(Beginning of Given information)

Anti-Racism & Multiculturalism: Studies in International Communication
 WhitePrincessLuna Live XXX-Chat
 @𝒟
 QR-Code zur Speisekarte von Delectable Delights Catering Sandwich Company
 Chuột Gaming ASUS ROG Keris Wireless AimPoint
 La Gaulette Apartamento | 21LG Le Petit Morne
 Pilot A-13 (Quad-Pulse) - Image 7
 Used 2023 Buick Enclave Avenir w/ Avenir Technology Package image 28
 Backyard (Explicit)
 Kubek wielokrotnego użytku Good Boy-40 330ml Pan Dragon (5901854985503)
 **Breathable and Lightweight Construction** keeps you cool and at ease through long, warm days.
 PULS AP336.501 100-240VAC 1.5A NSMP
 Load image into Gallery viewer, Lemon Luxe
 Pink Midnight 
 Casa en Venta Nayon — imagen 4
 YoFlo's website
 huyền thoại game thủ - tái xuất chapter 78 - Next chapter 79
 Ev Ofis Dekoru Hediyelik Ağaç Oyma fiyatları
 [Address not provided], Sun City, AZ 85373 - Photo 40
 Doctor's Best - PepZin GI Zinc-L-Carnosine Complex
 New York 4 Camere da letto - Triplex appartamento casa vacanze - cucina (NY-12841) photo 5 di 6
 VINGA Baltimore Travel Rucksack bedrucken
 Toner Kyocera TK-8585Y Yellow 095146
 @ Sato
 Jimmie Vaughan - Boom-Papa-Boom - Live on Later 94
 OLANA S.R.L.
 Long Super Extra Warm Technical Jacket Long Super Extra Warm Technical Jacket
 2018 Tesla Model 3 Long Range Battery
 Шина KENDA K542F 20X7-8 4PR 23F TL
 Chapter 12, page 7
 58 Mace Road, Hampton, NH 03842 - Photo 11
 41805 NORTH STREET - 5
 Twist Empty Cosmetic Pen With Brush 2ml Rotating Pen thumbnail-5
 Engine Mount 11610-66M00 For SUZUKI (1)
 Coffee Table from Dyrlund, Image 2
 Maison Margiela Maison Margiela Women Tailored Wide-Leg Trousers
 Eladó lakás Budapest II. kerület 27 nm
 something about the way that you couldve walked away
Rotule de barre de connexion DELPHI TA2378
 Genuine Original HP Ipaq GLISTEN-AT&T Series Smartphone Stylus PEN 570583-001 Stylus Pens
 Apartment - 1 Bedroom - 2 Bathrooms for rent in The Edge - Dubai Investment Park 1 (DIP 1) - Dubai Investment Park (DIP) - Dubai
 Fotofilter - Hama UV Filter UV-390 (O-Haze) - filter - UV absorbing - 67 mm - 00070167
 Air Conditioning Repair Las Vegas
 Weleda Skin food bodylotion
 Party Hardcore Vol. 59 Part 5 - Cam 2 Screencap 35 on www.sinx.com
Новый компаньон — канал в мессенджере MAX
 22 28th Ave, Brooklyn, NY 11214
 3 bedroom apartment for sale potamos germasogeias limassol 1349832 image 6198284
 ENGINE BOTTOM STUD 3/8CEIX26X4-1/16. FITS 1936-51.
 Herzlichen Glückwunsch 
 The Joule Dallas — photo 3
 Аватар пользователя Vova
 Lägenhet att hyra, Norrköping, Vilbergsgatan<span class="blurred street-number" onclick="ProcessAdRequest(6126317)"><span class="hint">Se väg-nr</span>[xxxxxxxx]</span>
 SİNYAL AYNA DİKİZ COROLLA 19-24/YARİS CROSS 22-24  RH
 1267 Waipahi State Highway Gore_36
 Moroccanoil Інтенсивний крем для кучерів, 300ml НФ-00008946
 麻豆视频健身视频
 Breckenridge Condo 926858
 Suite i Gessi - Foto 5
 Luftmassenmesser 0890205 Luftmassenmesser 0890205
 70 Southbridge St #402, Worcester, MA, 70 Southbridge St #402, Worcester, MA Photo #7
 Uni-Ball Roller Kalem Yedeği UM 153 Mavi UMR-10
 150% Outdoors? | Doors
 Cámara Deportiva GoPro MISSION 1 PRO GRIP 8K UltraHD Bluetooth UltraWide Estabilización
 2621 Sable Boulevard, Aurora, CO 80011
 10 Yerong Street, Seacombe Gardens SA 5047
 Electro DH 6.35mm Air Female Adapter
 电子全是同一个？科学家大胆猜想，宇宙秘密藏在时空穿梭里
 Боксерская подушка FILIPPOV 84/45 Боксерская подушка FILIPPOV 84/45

(End of Given information)

What to produce: Which lines in the records above contain the string "Live"? Copy them.

Task output:
 WhitePrincessLuna Live XXX-Chat
 Jimmie Vaughan - Boom-Papa-Boom - Live on Later 94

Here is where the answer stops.